Simple names are not so simple, Part Two, plus, volcanoes and fried foods
I've returned from a brief vacation, visiting friends on the island of Maui. I'd never been to that part of the world before. Turns out, it's a small island in the middle of the Pacific Ocean, entirely made out of volcanoes. Weird! But delightful.
The most impressive thing about the Hawaiian Islands for me was just how obvious were -- even to my completely untrained eyes -- the geomechanical and fluvial processes which shaped the landscape. The mountains and craters and river valleys and red sand beaches and easily-fractured rocks were very different from the (also somewhat volcanic) much older mountainous landscape I've lived in for the past decade.
Also quite amusing to me was learning to read and pronounce Hawaiian place names. It is all very logical once you know the system; before long I could easily pronounce signs like WAINAPANAPA STATE PARK -- wa-ee-napa-napa -- or PUUNENE AVENUE -- pu-oo-nay-nay -- or MAILIBEHANAMONOTANA STREET -- "Miley-Stewart-is-really-Hannah-Montana".
Many thanks to K and R and D for putting me and Leah up for a week; if you're going to Hawai'i and can stay with locals, I highly recommend it, particularly if they are awesome people. Everyone in Maui was awesome, with the exception of the rangers at (stunningly beautiful, even for Maui) Wa'inapanapa State Park, who are apparently consistently grumpy. As one Hawaiian, himself in the camping sector of the economy put it to me, "They do not have the big aloha".
The most amusing encounter was on the Hana Highway. There are numerous little stops along the way, where someone has erected a hut or parked a trailer and is selling coconuts, smoothies, banana bread, and so on. Hand-lettered signs, stunning natural beauty, middle of nowhere, you get the picture I'm sure. At one of the larger such stops there was a young fellow, probably in his late twenties, serving a variety of fried foods. It was mostly traditional American-style Chinese food, but also he had french fries, fish'n'chips, and so on. He was clearly not a native speaker of English, but spoke understandably with a strong accent. We were waiting behind a middled-aged woman with a typically midwestern American accent. Their conversation went something like this:
Her: I'm not very hungry, can I just get the fish without the chips?
Him, not quite following her: Half order?
Her, louder: How much without the fries?
This went back and forth for some time, both sides becoming increasingly frustrated by the communication breakdown, until:
Her, even louder: Can I speak to your manager?
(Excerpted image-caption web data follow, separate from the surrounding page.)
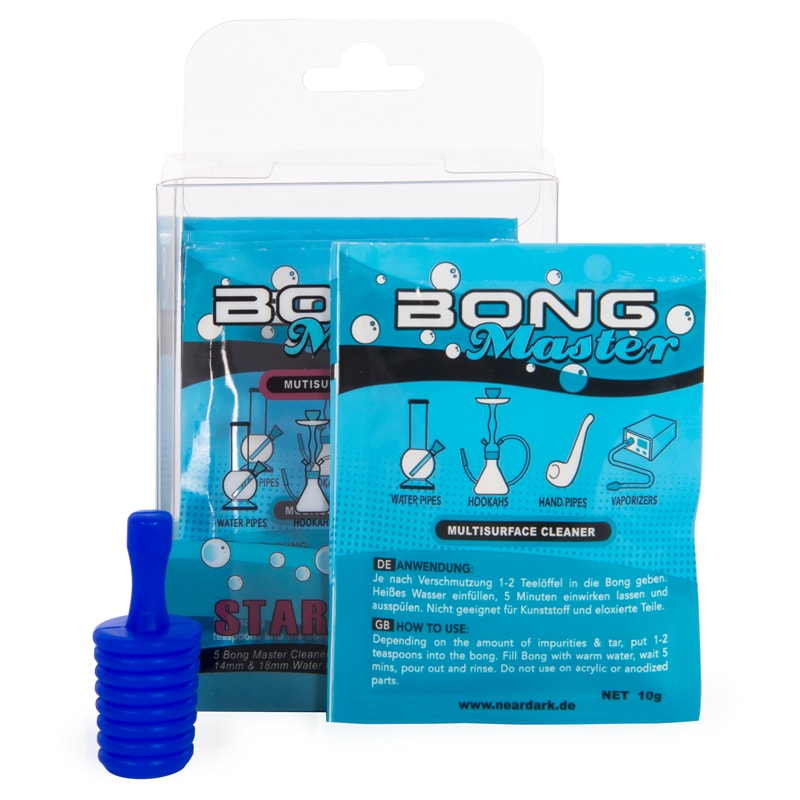 Bong Cleaner Powder Set for bongs, pipes and vaporizer parts, removes resin and tar build up, glass and metal smoking accessory cleaner.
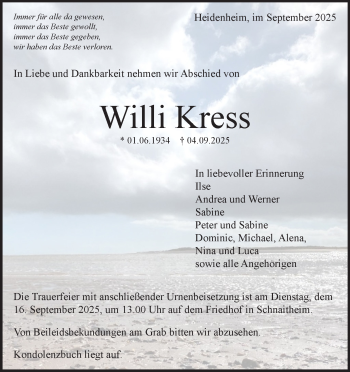 Traueranzeige von Willi Kress von Heidenheimer Zeitung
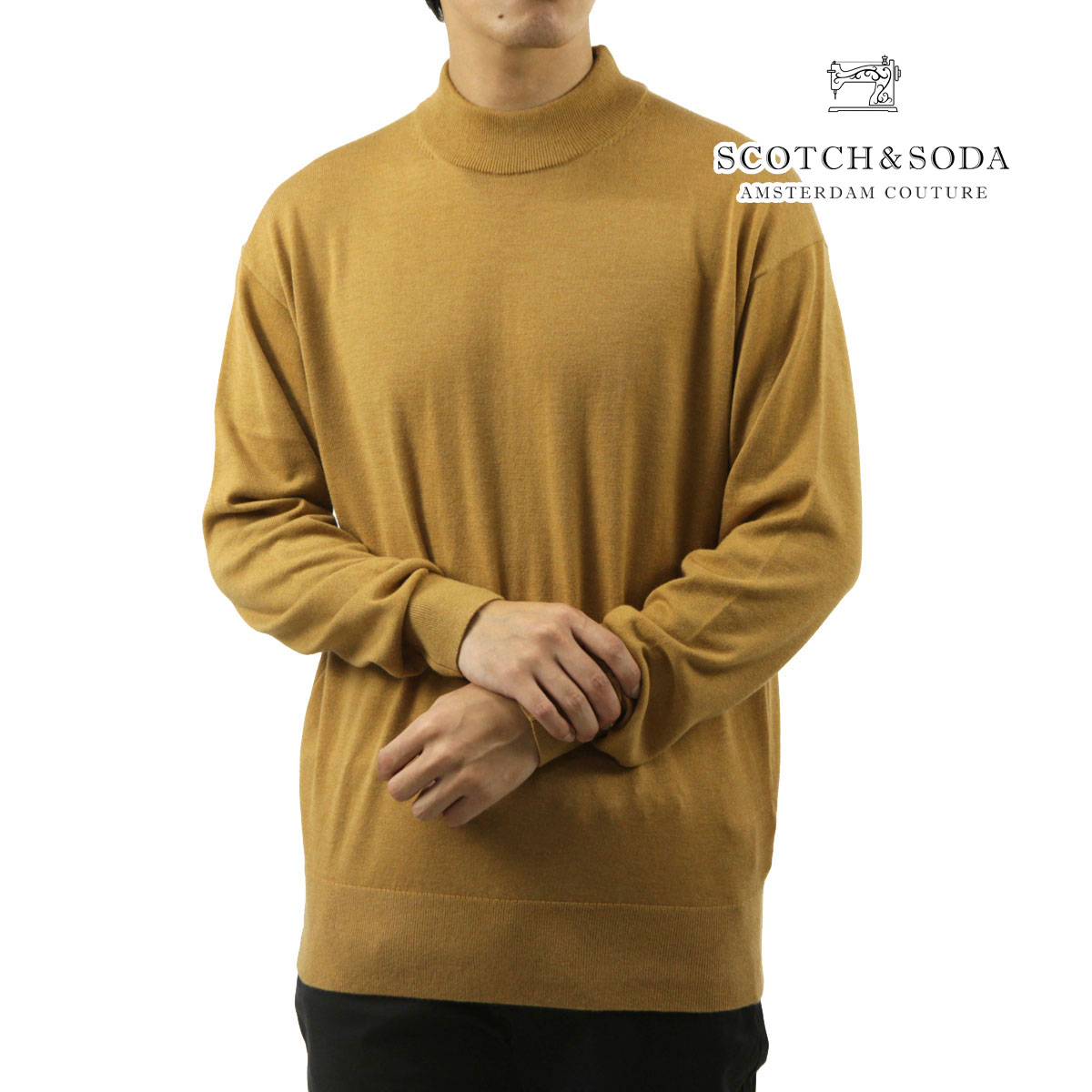 スコッチアンドソーダ メンズ セーター 正規販売店 SCOTCH＆SODA モックネック 長袖 ニット CORE DROPPED SHOULDER MOCK NECK PULLOVER SWEATER D 179184 25403 LIGHT CAMEL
Leah and K and I silently boggled -- there is no other word for it -- at each other for a moment. Where on earth did she imagine that a manager was going to emerge from? There was a counter, behind that, a trailer with a wok in it, behind that, jungle, and behind that, huge jagged lava rocks followed immediately by the Pacific Ocean. And what sort of management structure does she think one really needs to manage a single guy selling pineapple fried rice at the side of a highway? My conclusion: people have strange beliefs. Sometimes their beliefs cause them to leave in a huff with neither fish nor chips, even when fish and chips are both plentiful and reasonably priced. Hopefully she had better luck in Hana.
Anyway, enough travelogue. Regarding the puzzle from last time: the code is correct, and compiles without issue. I was quite surprised when I first learned that; it certainly looks like it violates our rule about not using the same simple name to mean two different things in one block.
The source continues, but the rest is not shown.